_Work required:_
Look in the data below for the line that has "SONIC COCHE SLOT CARRERA GO!!!", then print exactly every line from there through the line that has "Drop Series] Foil", leaving pictures out.

_Extracted material:_

■ ■ ■ ■ ■

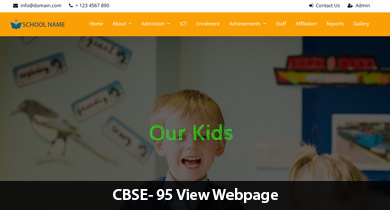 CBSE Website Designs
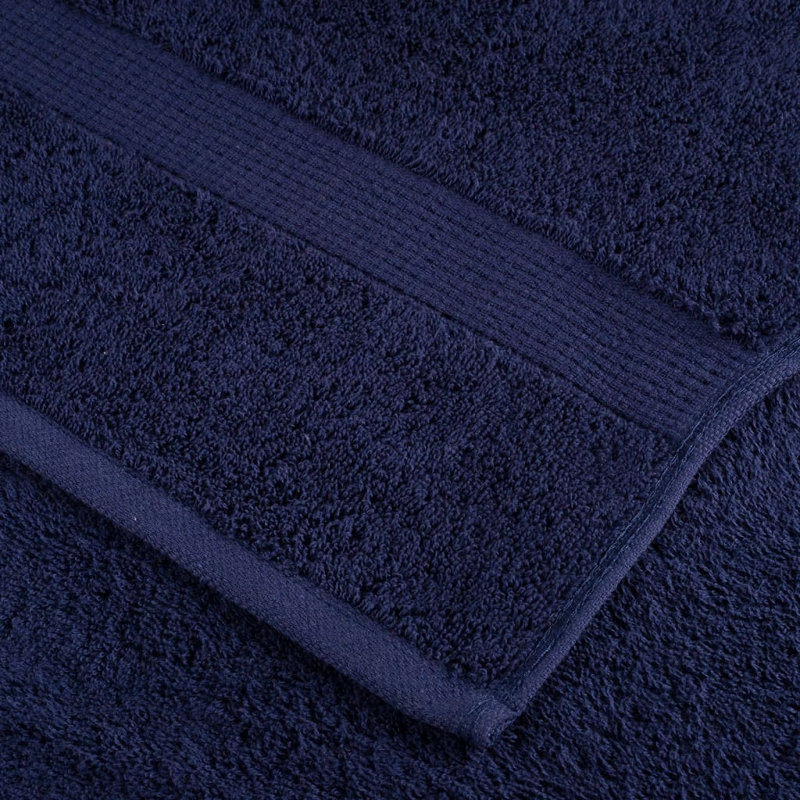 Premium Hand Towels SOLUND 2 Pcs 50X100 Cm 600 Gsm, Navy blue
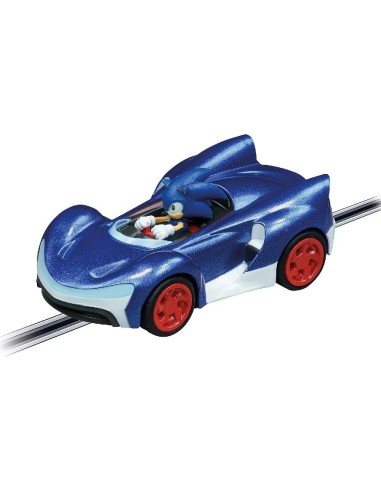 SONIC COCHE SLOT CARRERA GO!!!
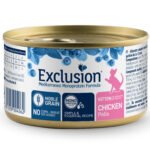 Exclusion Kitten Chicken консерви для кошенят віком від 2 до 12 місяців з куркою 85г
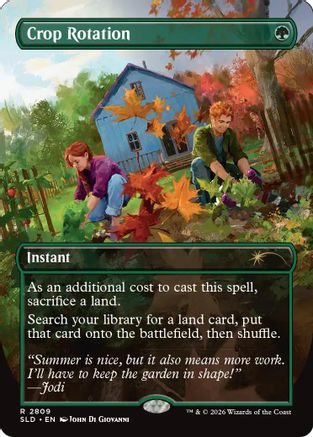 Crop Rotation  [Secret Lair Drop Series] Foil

■ ■ ■ ■ ■

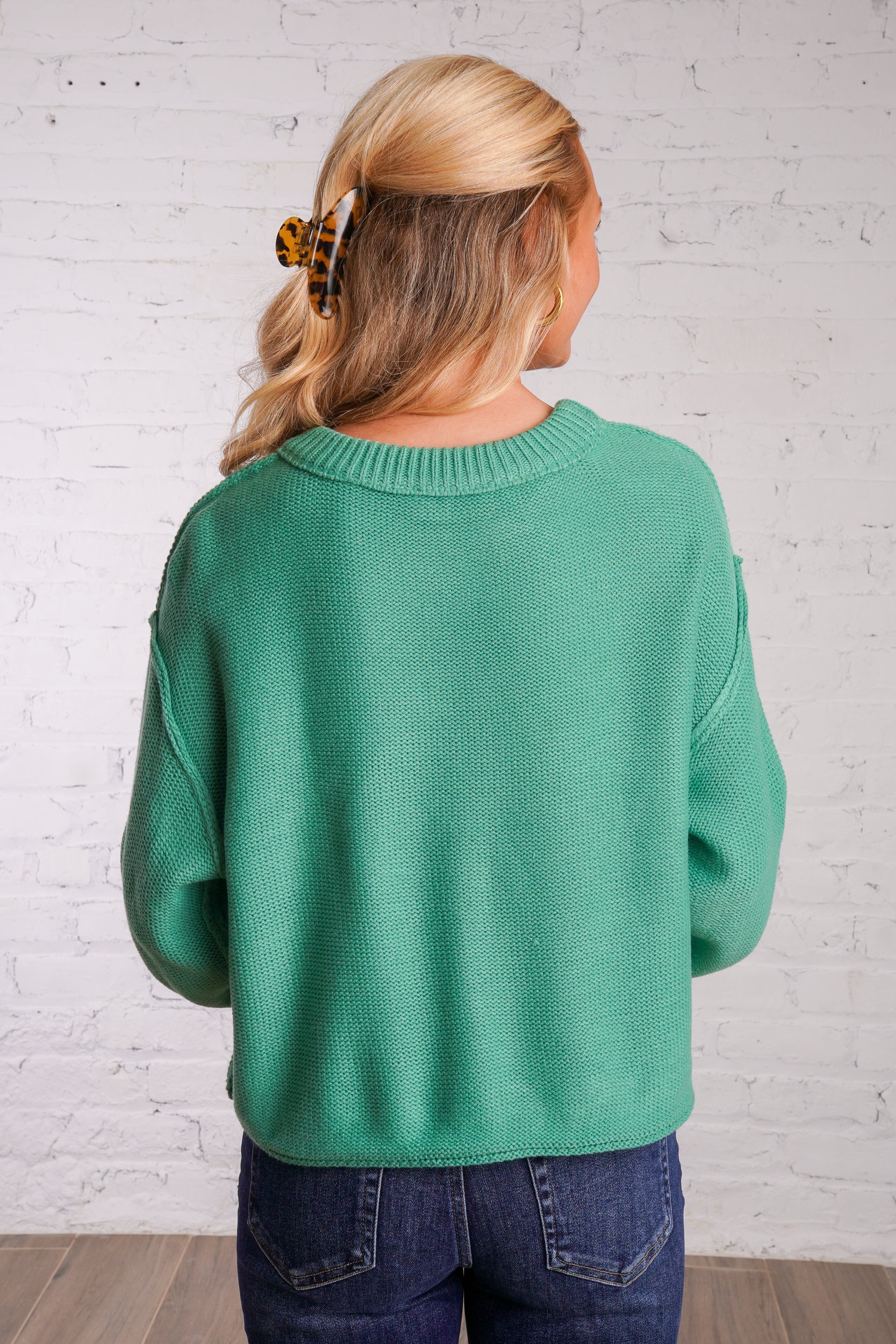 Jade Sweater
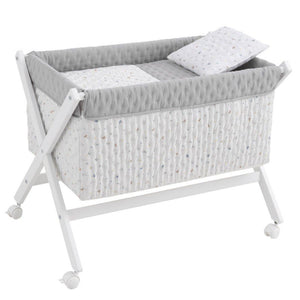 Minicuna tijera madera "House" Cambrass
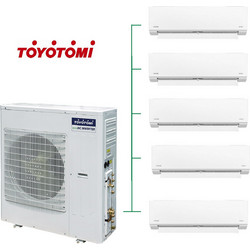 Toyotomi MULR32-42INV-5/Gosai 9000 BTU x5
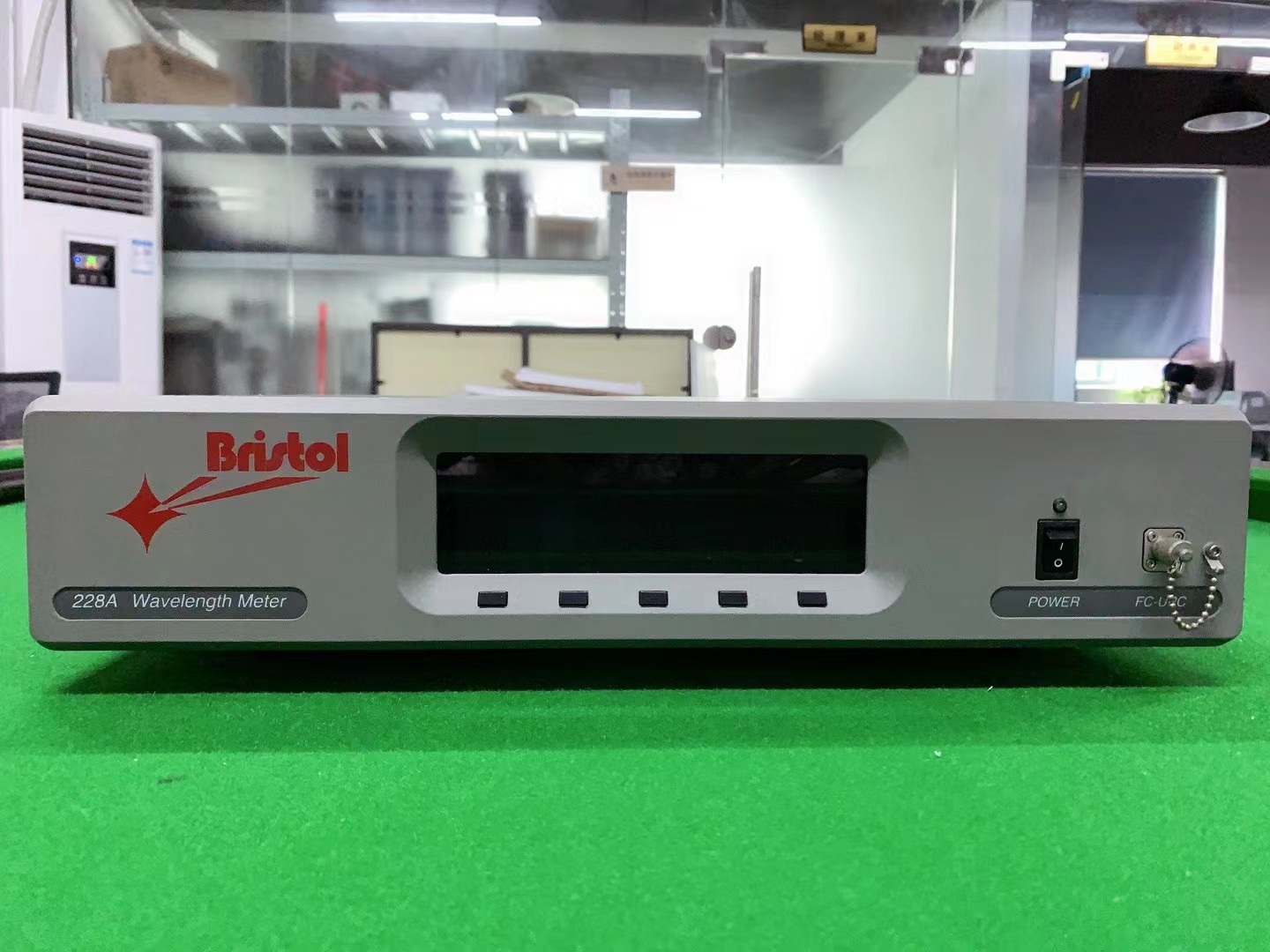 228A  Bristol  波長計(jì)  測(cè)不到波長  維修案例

■ ■ ■ ■ ■

_The completed task:_
 SONIC COCHE SLOT CARRERA GO!!!
 Exclusion Kitten Chicken консерви для кошенят віком від 2 до 12 місяців з куркою 85г
 Crop Rotation  [Secret Lair Drop Series] Foil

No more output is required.